I do the only thing I think to do; I bite. The hand near my face pulls back, blood drips from it. Its flesh is mangled, muscle exposed. Something hits me hard in the head again. I feel a strange deja vu sensation, but I don’t lose consciousness. My eyes fight against my brain’s instinct to shut down. I look at my attackers’ faces.. I look over their shoulders at the staff. A security officer struggles with a man. A nurse screams into a phone. I gnash my teeth again, but this time I don’t make contact. My defensive act is interrupted by a tremendous pain in my back, left side. My shaking hands reach around to feel the wound, warm fluid flows over my fingers.

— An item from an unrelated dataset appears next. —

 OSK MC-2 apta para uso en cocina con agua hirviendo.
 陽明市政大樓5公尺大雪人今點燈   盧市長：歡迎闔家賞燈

An object is in my body. I pull it out. My brain gives into unconsciousness.

*****

Termination Report: In reference to  Patient 14527 “Jane Doe” compiled by Dr. Theodore Zurich, former Revival Operation Specialist

The efforts of The Revival Operation, although initially successful, proved fruitless. Due to the dangers involved in the research, The Revival Operation was served a cease and desist order signed by the sitting POTUS. The threat of patient relapse is too great. Upon the expiration of the above mentioned patient, she returned to her former feral, cannibalistic state and was terminated via separation of the brainstem and cerebellum from the temporal lobe.

The Revival Operation has been disbanded, and all future experimentation will be conducted by the U.S. Government Sector Z, Guantanamo Bay, Cuba as per H.R. Bill Z 001 passed by the 116th Congress of the United States of America.